FRENCH ART medallists had a start on their English counterparts (see above) thanks to France's mid-century revolution in bronze casting. Its pioneers were sculptors of animal bronzes, many of whom came from artisan stock: Pierre- Jules Mene and Jules Moigniez were sons of metalworkers and Antoine-Louis Barye was the son of a goldsmith.

Sotheby's prolific annual sale, of art, antiques, silver, jewellery, Wemyss ware and guns at the Gleneagles Hotel, Auchterarder, Perthshire, Monday and Tuesday (10am daily), has its first animalier section (102 lots). The French animaliers admired Landseer and adored the Scottish hunting scene, which explains why so many of their tableaux are red in tooth and claw. Even a pair of bird groups, of swallows and sparrows, are both fighting (est pounds 2,500- pounds 3,500).
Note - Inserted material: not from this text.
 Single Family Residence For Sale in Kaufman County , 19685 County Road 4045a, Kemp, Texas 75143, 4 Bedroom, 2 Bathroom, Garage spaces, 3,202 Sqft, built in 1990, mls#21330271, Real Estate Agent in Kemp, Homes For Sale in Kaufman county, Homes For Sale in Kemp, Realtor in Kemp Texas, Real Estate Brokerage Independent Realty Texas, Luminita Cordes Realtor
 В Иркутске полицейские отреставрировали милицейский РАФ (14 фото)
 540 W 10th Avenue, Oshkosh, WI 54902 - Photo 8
Bonhams has its third sale of 'natural history' (ie, remains of dead things) on Wednesday (2pm). One eccentric Victorian example is a monkey skeleton complete with chair and elaborate carrying case in veneered rosewood with floral cartouches and finials, pounds 400- pounds 600.
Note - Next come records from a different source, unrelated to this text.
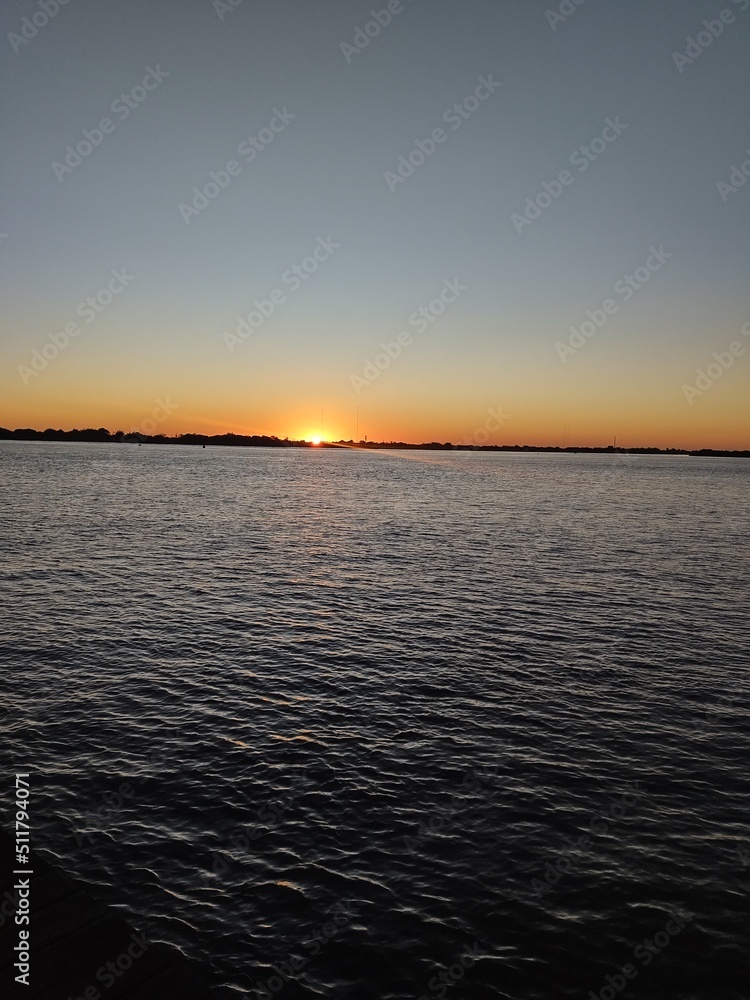 Obraz premium sunset over the sea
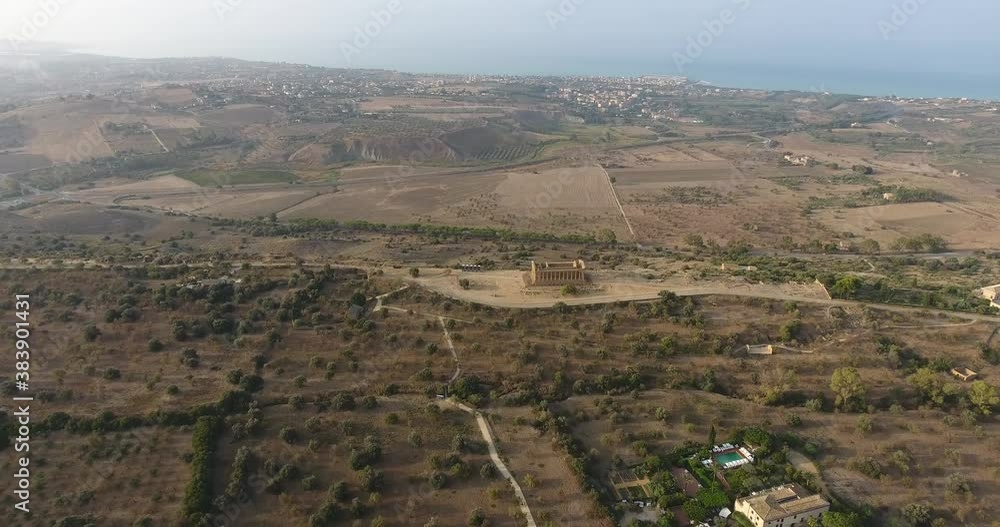 La Valle dei Templi è un parco archeologico della Sicilia caratterizzato dall'eccezionale stato di conservazione e da una serie di importanti templi dorici del periodo ellenico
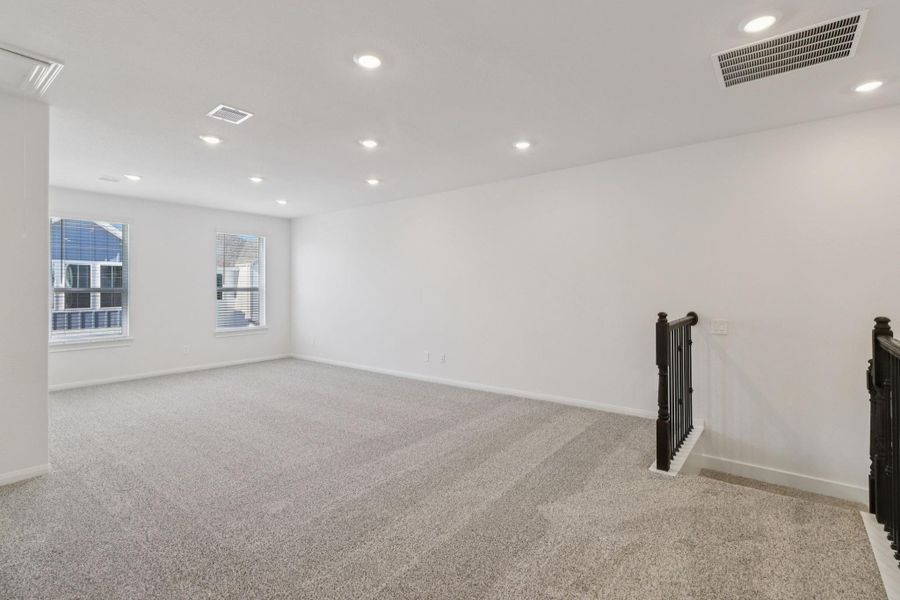 Spacious, unfurnished interior of a new home in Kemah Crossing - Luxe Series, Kemah (Image 33).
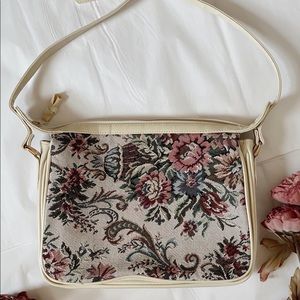 Beautiful Vintage Woven Purse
Five years ago, Victorian cabinet and carte de visite photographs were the biggest single item at Christie's South Kensington's thrice-yearly minor photograph sales. There are only about 20 lots of them in the Thursday (10.30am) sale of photographs and cameras. A gilt- clasped album of 95 taken in London around 1861 by a star of society photography, Camile Silvy, is est pounds 250- pounds 350.